● **WORK REQUIRED**
For the material that follows, list every line containing the word "with".

● **DATA FOR THE TASK**
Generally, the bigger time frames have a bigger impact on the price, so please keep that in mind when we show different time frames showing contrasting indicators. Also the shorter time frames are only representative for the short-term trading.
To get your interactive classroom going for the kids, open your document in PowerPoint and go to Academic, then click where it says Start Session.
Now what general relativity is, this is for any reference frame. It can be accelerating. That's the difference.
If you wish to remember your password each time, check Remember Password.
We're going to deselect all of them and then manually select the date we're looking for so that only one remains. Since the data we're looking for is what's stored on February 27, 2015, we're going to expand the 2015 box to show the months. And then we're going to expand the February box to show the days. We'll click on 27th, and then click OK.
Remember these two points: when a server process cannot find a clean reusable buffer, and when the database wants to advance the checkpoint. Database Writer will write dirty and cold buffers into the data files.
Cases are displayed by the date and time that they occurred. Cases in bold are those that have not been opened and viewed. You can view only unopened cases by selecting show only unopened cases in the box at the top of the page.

* * *

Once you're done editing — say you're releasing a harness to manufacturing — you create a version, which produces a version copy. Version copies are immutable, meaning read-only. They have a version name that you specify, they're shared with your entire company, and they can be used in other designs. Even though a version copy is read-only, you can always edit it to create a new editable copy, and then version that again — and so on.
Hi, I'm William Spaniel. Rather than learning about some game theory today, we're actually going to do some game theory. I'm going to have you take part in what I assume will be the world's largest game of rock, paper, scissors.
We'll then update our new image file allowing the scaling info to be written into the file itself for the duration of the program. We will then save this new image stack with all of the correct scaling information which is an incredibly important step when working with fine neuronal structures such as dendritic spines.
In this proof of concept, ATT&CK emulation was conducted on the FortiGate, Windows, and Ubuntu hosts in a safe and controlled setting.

● **RESULT OF THE TASK**
Once you're done editing — say you're releasing a harness to manufacturing — you create a version, which produces a version copy. Version copies are immutable, meaning read-only. They have a version name that you specify, they're shared with your entire company, and they can be used in other designs. Even though a version copy is read-only, you can always edit it to create a new editable copy, and then version that again — and so on.
We'll then update our new image file allowing the scaling info to be written into the file itself for the duration of the program. We will then save this new image stack with all of the correct scaling information which is an incredibly important step when working with fine neuronal structures such as dendritic spines.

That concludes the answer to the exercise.